The World Bank used a more polite title in their report: RISING GLOBAL INTEREST IN AGRICULTURAL LAND’
CHS-SACHETAN director, Subhash Sule of Nashik, Maharashtra, draws our attention to a review of an academic paper, which associates this ‘phenomenon’ with the appropriation of freshwater resources and increasing pressure on the global land and freshwater resources.
Global land and water grabbing’, written and researched by Maria Cristina Rulli, Antonio Saviori and Paolo D’Odorico at Arizona State University, was published last week in the Proceedings of the National Academy of Sciences of the United States. (An abstract can be seen here but to download the paper a subscription is required.)
They note that the number of countries and corporations acquiring relatively inexpensive and productive agricultural land located in foreign countries dramatically increased between 2005 and 2009 and have gathered land-grabbing data from many sources, “using a hydrological model to determine the associated rates of freshwater grabbing”.
Their findings: land and water grabbing are occurring at alarming rates in all continents except Antarctica. The per capita volume of grabbed water often exceeds the water requirements for a balanced diet and would be sufficient to improve food security and abate malnourishment in the grabbed countries.
Cecilia Rosen, writing for the Science and Development Network on 11th January, adds that though the majority of land grabbing takes place in Africa and Asia, the paper says that the amount taken is often a significant portion of a country’s total area, for example nearly 20% in Uruguay, around 17% in the Philippines and almost 7% in Sierra Leone. (Click on map to enlarge)

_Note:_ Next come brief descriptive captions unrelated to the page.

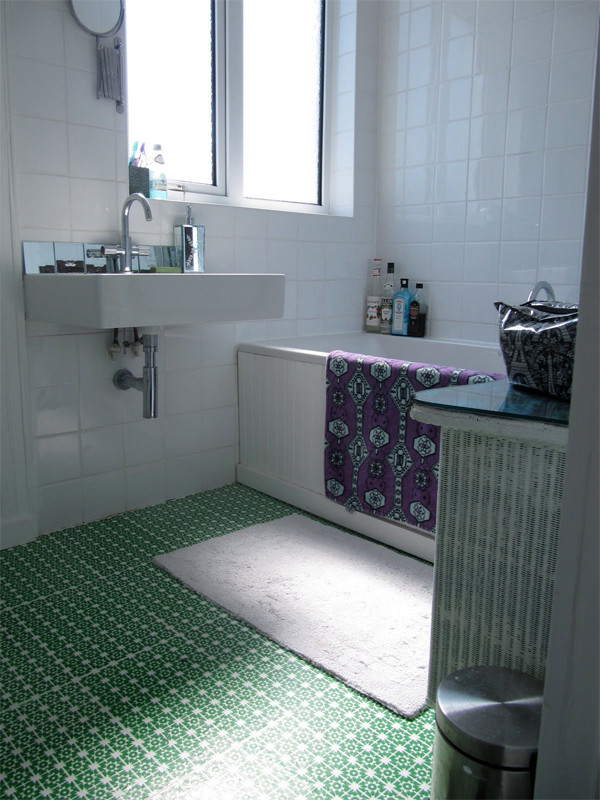 Best ideas about DIY Bathroom Floors
. Save or Pin 10 Unique DIY Flooring Ideas For Your Home Now.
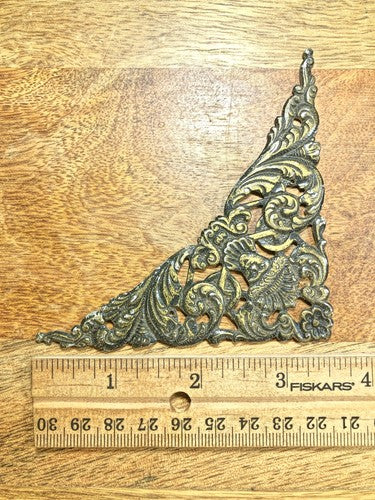 Large Metal Clock Case Decoration   (K8011)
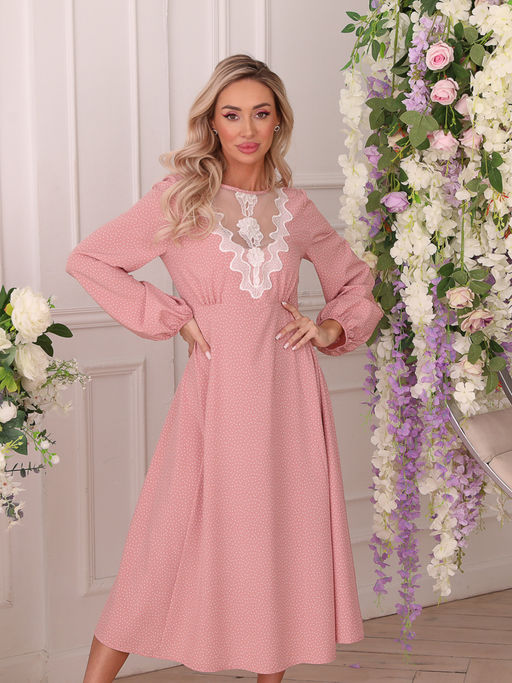 Платье П5-5500 - Wisell фото 4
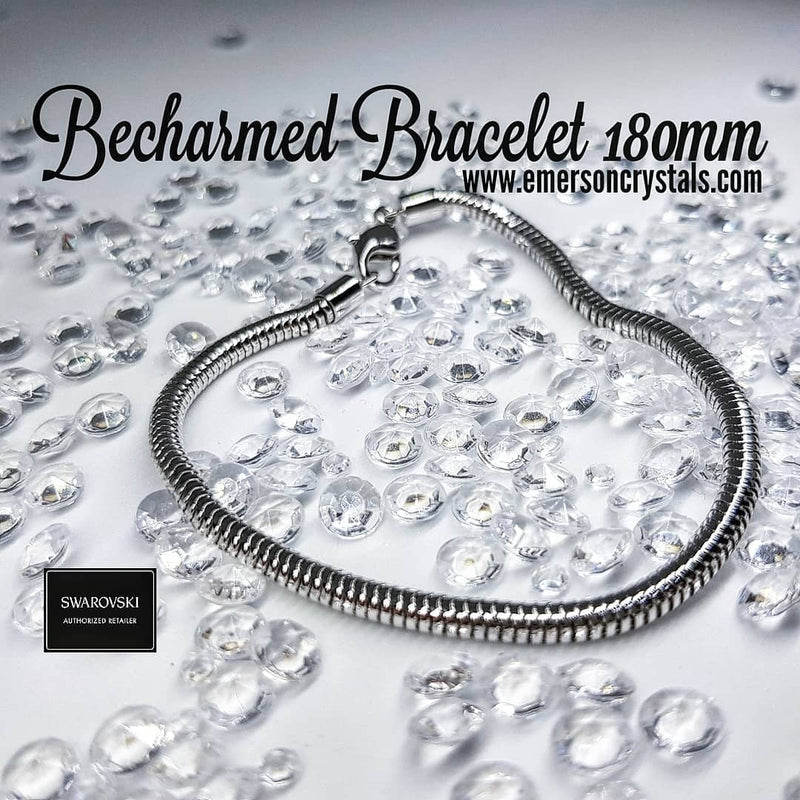Swarovski Becharmed bracelet 180mm (8000) - Emerson Crystals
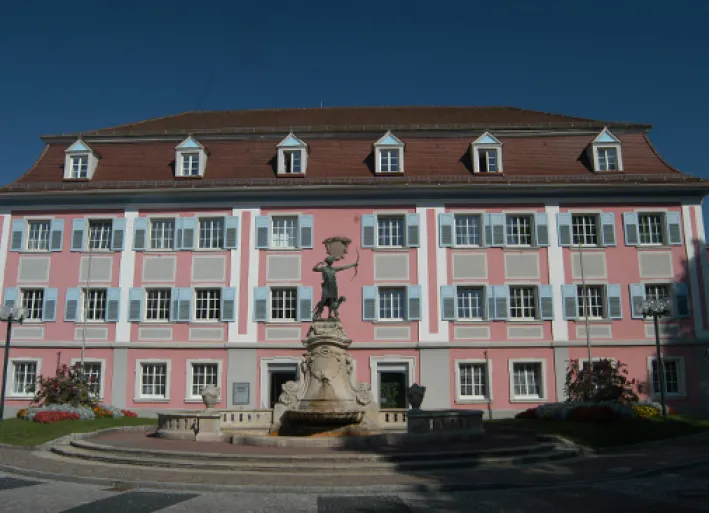 Donaueschingen - Fürstlich Fürstenbergische Sammlungen im Karlsbau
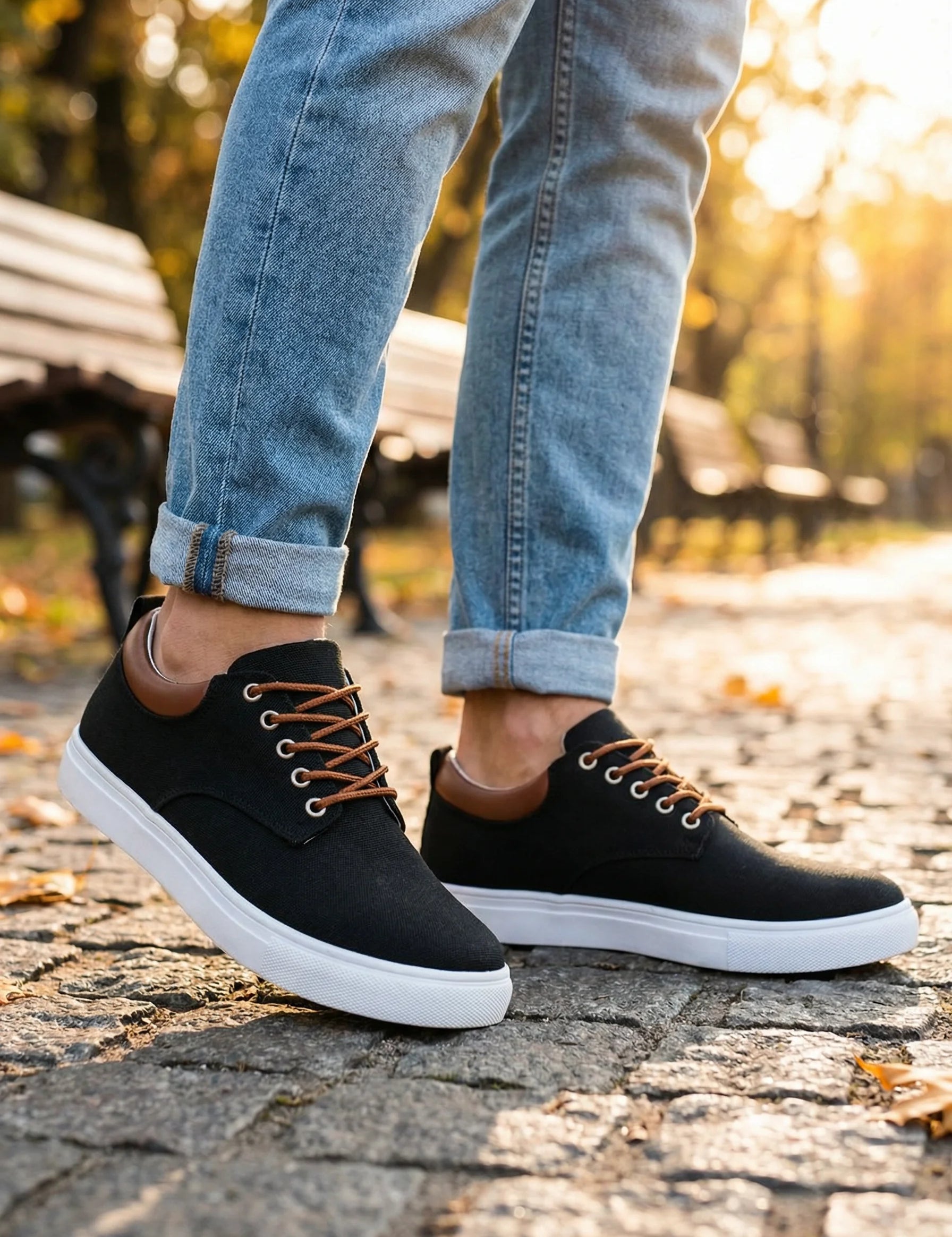 Men's Sneakers | Canvas Shoes-Men Shoes-Homefinn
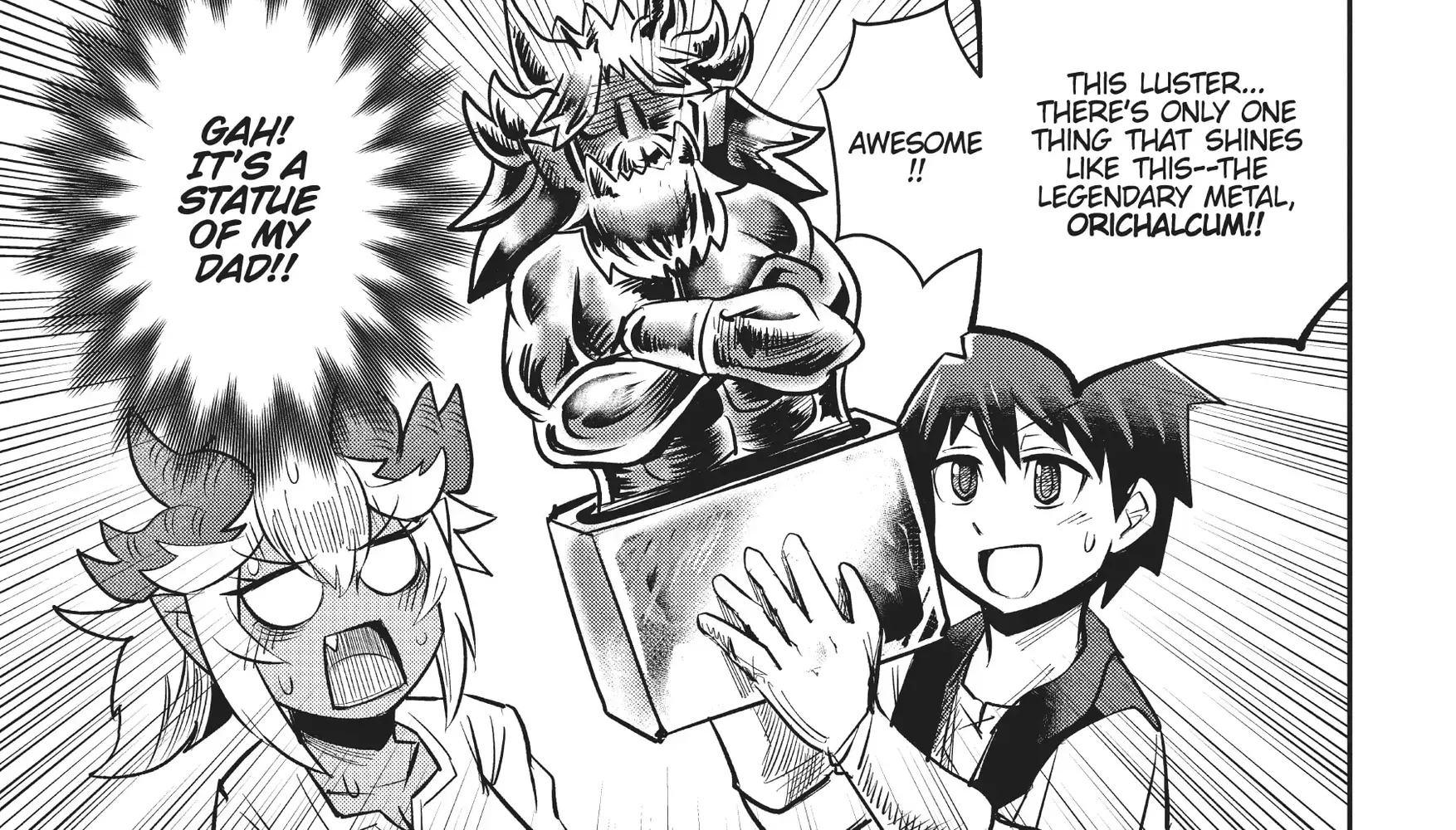 Dungeon Childhood Friends Chapter 6 page 30 - 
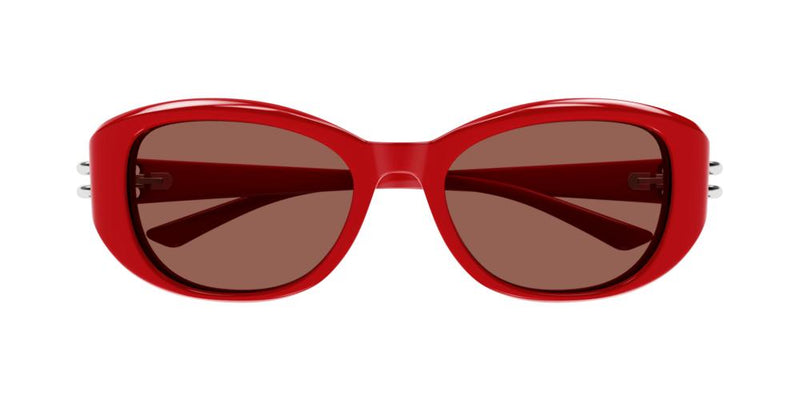Alexander McQueen AM0470S Occhiali da sole 003 BU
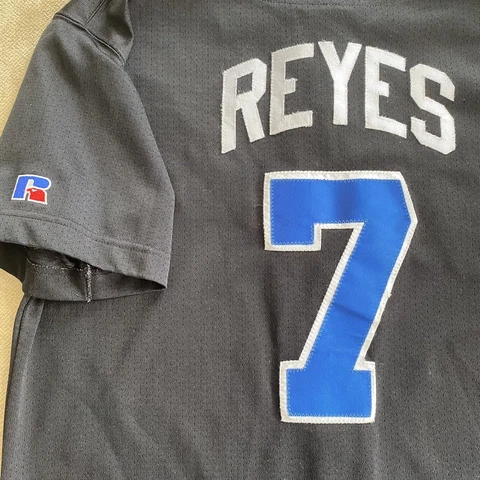 Jose Reyes Vintage Stitched New York Mets Alternate Home Jersey Cover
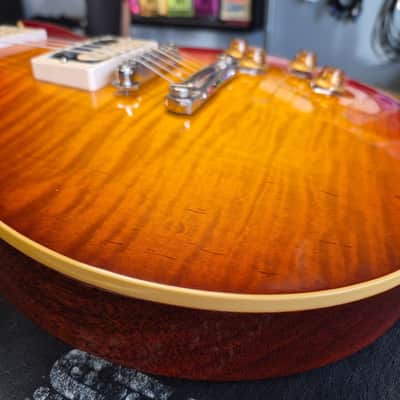 Gibson 2025 Custom Shop "Made to Measure" 1959 Les Paul Standard Reissue - Minnesota Burst Bild 7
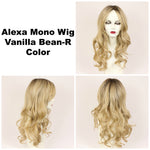 Vanilla Bean-R / Alexa Monofilament w/ Roots / Long Wig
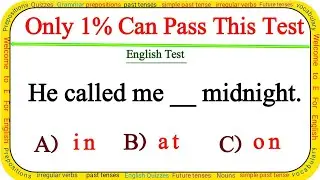 Mixed English Grammar Test 🌟 if you score over 98% on this quiz, you English is really good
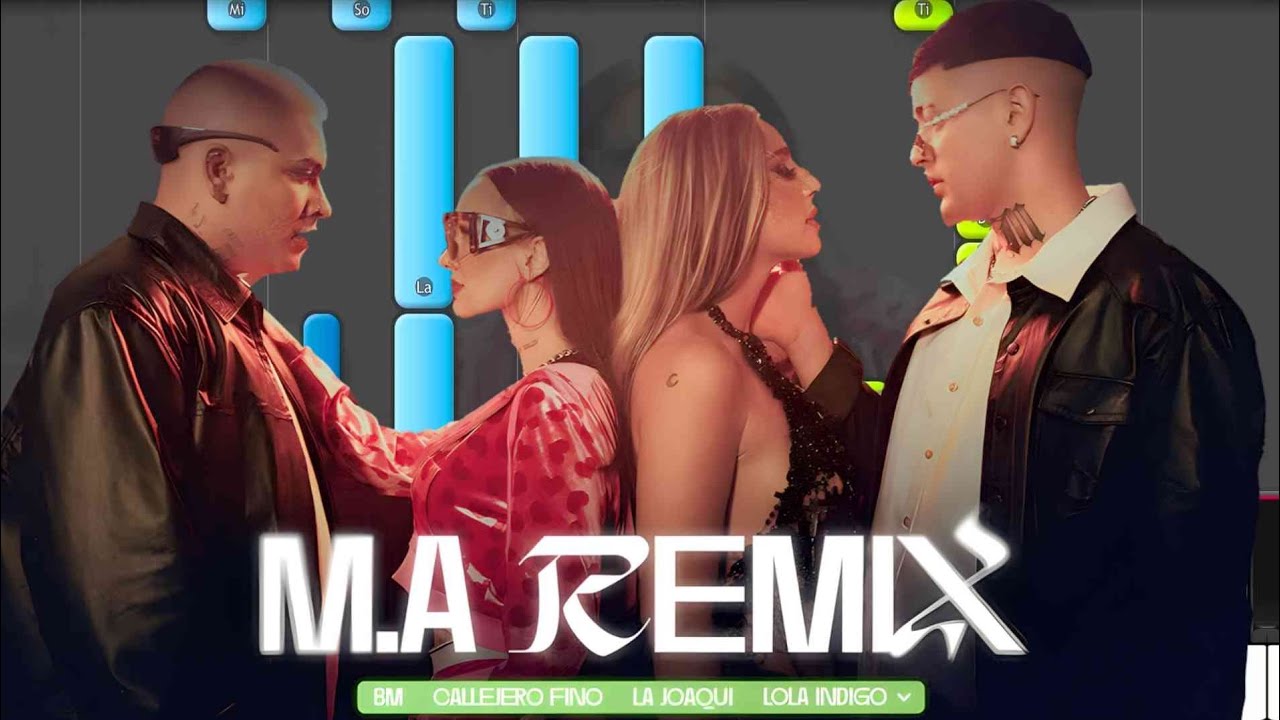 BM, Callejero Fino, La Joaqui, Lola Índigo - M.A (Remix) [Prod Phontana, Alan Gomez]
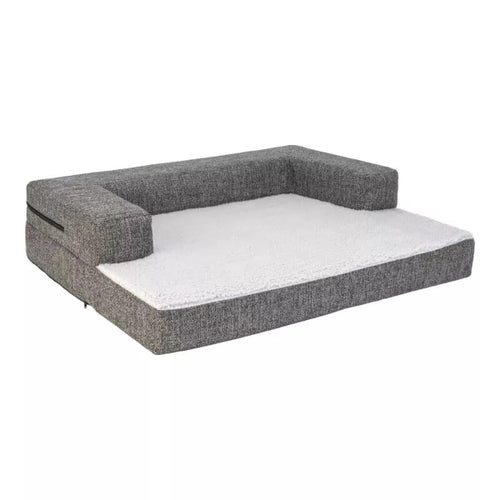 PET COMFORT Ortopedski lezaj Gloria Sofa, s ortopedskom pjenom, antracit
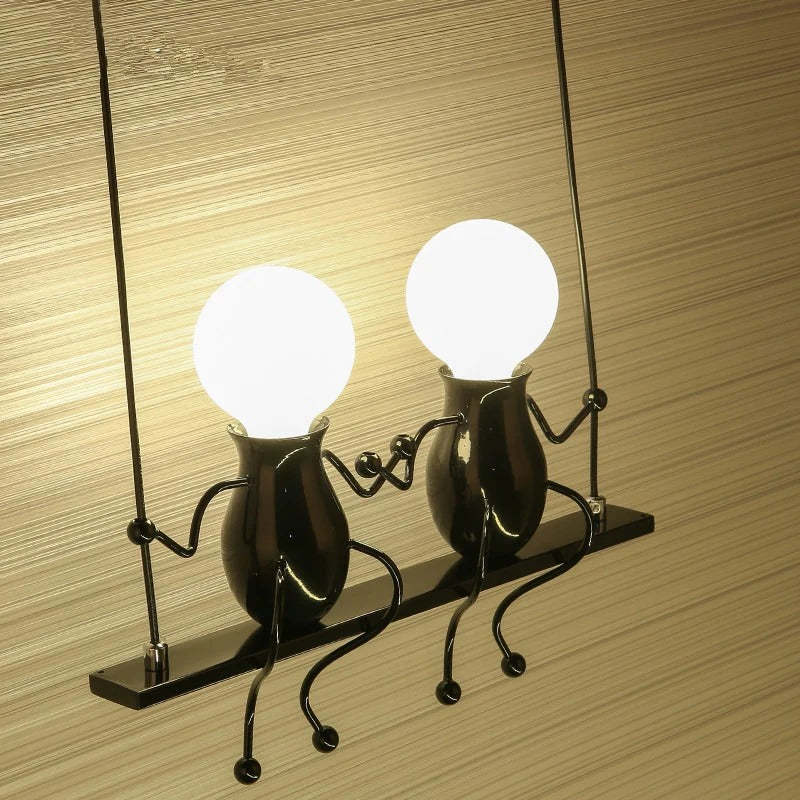 LumoSwing – LED Wall Lamp with Swing Hanging Accent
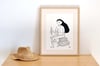 Fisherwoman • print
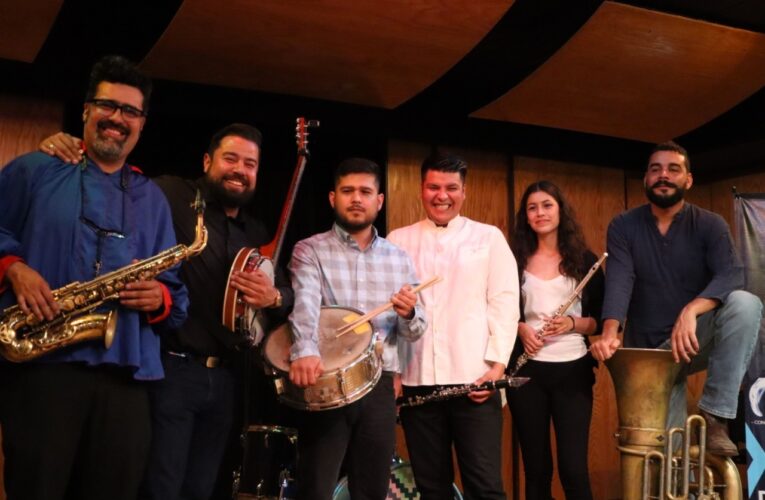 Hoy Jazzteño Band presenta “Sacramento” en la Facultad de Artes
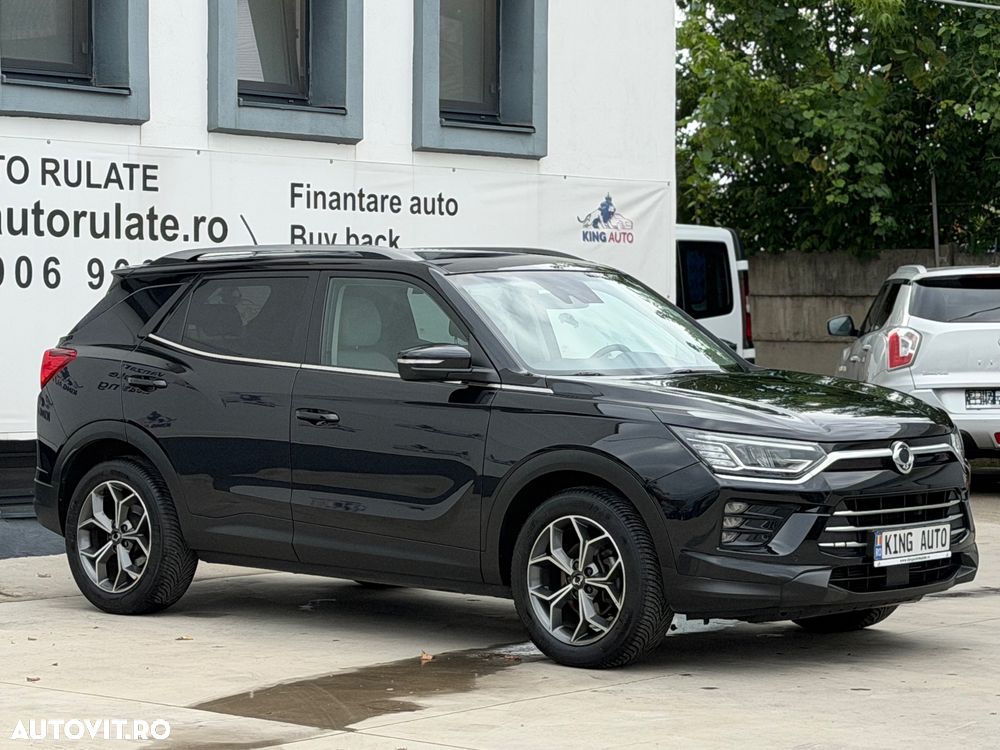 SsangYong Korando 1.6 e-XDi 2WD Aut. Sapphire - 34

The process is described in the study as a “new form of colonialism that has intensiﬁed in the last four years, initially in response to the 2007 to 2008 increase in food prices” and is expected to rise as demand for resources increases. Many deals are done after only limited consultation of local people, without adequate compensation for previous land users and without seeking opportunities to create jobs or enhance environmental sustainability.
“Most land deals target the best and most promising land areas, where there is water and other infrastructure available, in close proximity to markets and transport routes,” says Kenneth Hermele, an expert on human ecology at Lund University in Sweden.
The top water-grabbing nations by volume are China, Egypt, India, Israel, the United Arab Emirates, the United Kingdom and the United States, and the prime targets are the Democratic Republic of Congo, Indonesia and the Philippines.